SignalFlow Grafana Latency Dashboard


Ingestion throughput — last 1 hour. Messages consumed per topic, DLQ rate, Kafka poll latency

SignalFlow ingestion metrics - 1hr


Ingestion throughput — 2 day view. Sustained message volume across Reddit, HackerNews, Bluesky, YouTube

SignalFlow ingestion metrics - 2days


Topic Intelligence — 1.49K active cross-platform topics, 14 topics live on 3+ platforms simultaneously, sentiment tracked over time, cross-platform lead/lag detection

SignalFlow Topic Intelligence


How it works

A post appears on r/technology. Within seconds:

  1. asyncpraw picks it up and publishes to Kafka on two parallel paths — reddit.posts.raw (legacy, unchanged) and signals.normalised (unified schema shared by all 4 platforms)
  2. The processing service runs VADER sentiment on title + body, extracts named entities via spaCy NER, computes score velocity and trending score, and writes to TimescaleDB
  3. The topic aggregator buckets signals into 15-minute windows per (topic, platform) and fires a cross-platform event when the same topic appears on 2+ platforms simultaneously
  4. When the post score jumps from 45 → 1200 five minutes later, velocity recalculates (1200-45)/300 = 3.85/s, trending score updates, and a Redis pub/sub push delivers the update to every connected WebSocket client instantly
  5. Grafana reads pre-aggregated Postgres views — topic traction timeline, lead/lag heatmap, trending 24h, platform leaderboard

📐 Architecture

This system is best understood visually.

Traces a single Reddit post through every layer — Kafka partitioning, dual-path processing, NLP enrichment, TimescaleDB writes, WebSocket push, and Grafana.
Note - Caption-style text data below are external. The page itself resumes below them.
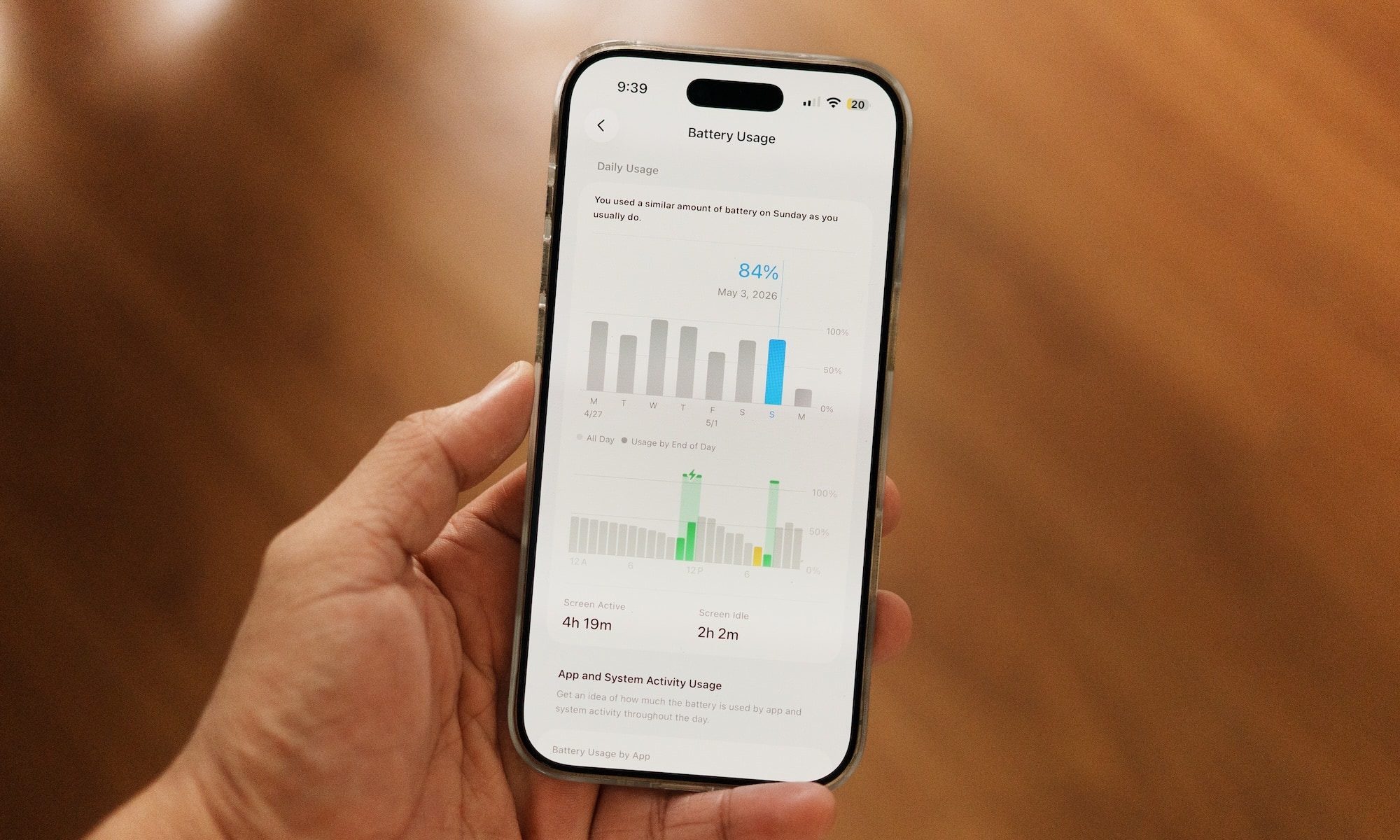iPhone Air Battery Performance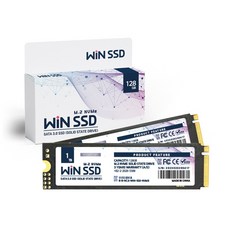 한창코퍼레이션 WIN M.2 NVMe 2280, NVME M.2 SSD_WIN, 128GB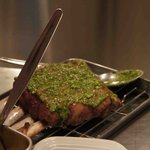 SIO syuji hijikuro - 香草で焼かれました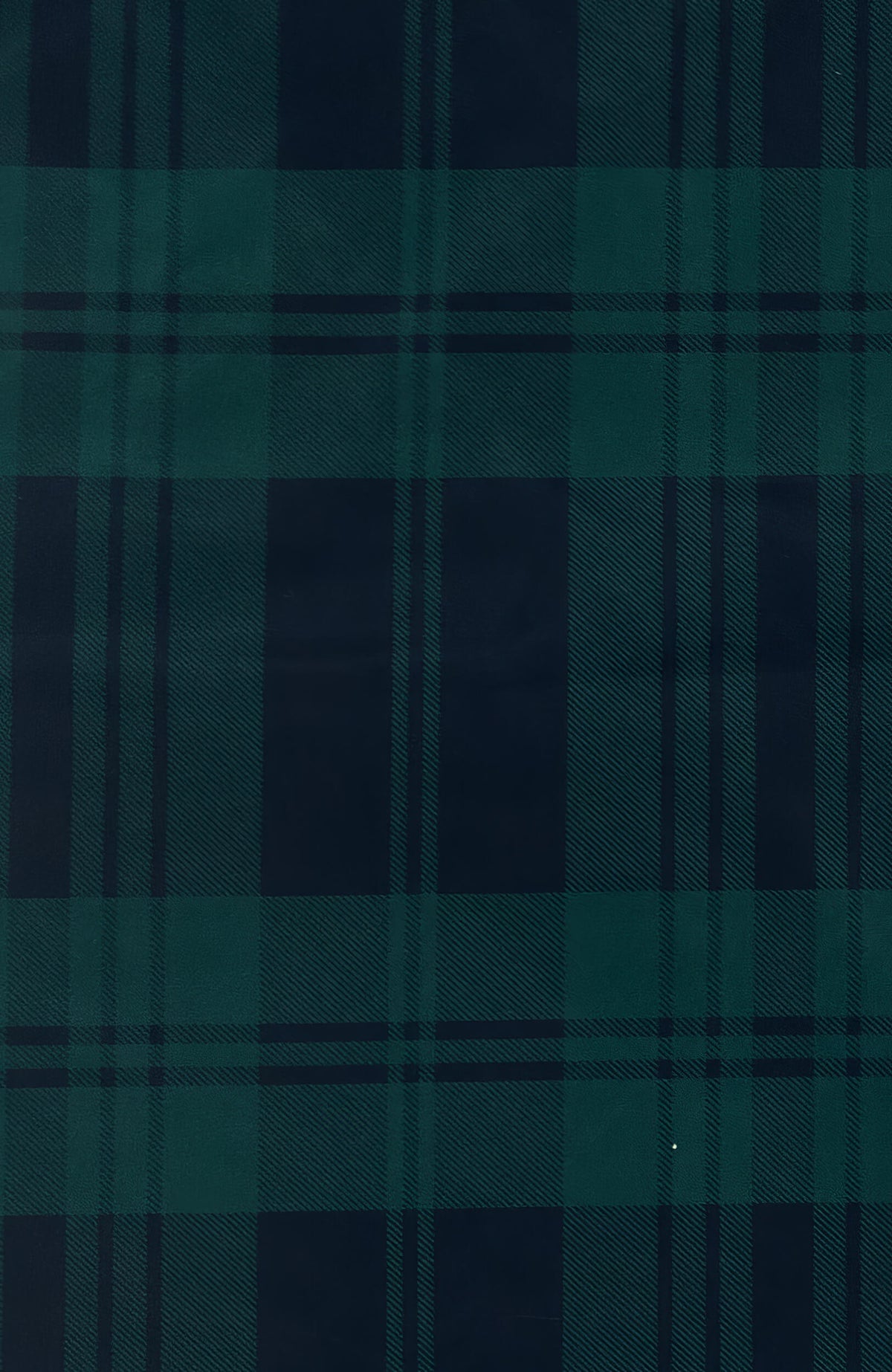 Boyfriend Shirt - Black Watch Navy Green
Click a step to expand it.


API

SignalFlow exposes a fully authenticated REST and WebSocket API. Once running, external developers can build their own analysis dashboards directly on top of the enriched signal data — no need to handle ingestion, NLP, or cross-platform normalisation themselves.

Authentication

Create a superuser, then obtain JWT tokens:

# Create superuser
docker exec -it reddit_django python manage.py createsuperuser

# Get access + refresh tokens
curl -X POST http://localhost:8080/api/token/ \
  -H "Content-Type: application/json" \
  -d '{"username": "your_username", "password": "your_password"}'

# Response
{
  "access":  "eyJ0eXAiOiJKV1QiL...",   # use in Authorization header — expires 60min
  "refresh": "eyJ0eXAiOiJKV1QiL..."    # use to get a new access token
}

# Rotate when access token expires
curl -X POST http://localhost:8080/api/token/refresh/ \
  -H "Content-Type: application/json" \
  -d '{"refresh": "your_refresh_token"}'

Use the access token on every request:

curl http://localhost:8080/api/v1/signals/ \
  -H "Authorization: Bearer your_access_token"

Endpoints

Method Endpoint What it returns
GET /api/v1/signals/ Unified cross-platform feed — all signals with sentiment, velocity, trending score, NER topics
GET /api/v1/pulse/ Topic sentiment summary — VADER compound scores, named entities, sentiment distribution per topic
GET /api/v1/trending/ Velocity-ranked trending signals — sorted by trending_score, filterable by platform and time window
GET /api/v1/compare/ Cross-platform divergence events — topics that surfaced on 2+ platforms with spread time and delta score
WS ws://localhost:8000/ws/signals/ Real-time push stream — fires on every processing batch flush, no polling needed
POST /api/token/ Obtain JWT access + refresh tokens
POST /api/token/refresh/ Rotate access token using refresh token
GET /health/ Health check — no auth required

Example signal response

{
  "id": "xyz789",
  "platform": "reddit",
  "title": "New breakthrough in quantum computing",
  "raw_score": 1200,
  "score_velocity": 3.85,
  "comment_velocity": 0.14,
  "trending_score": 0.60,
  "is_trending": true,
  "sentiment_compound": 0.34,
  "sentiment_label": "positive",
  "topics": ["quantum computing", "ibm", "breakthrough"],
  "first_seen": "2026-03-05T06:30:00Z",
  "last_updated": "2026-03-05T06:35:00Z"
}

What you can build on top

The API gives you processed, normalised, deduplicated signals across 4 platforms — ready to query. No ingestion infrastructure, no NLP pipeline, no cross-platform schema mapping needed.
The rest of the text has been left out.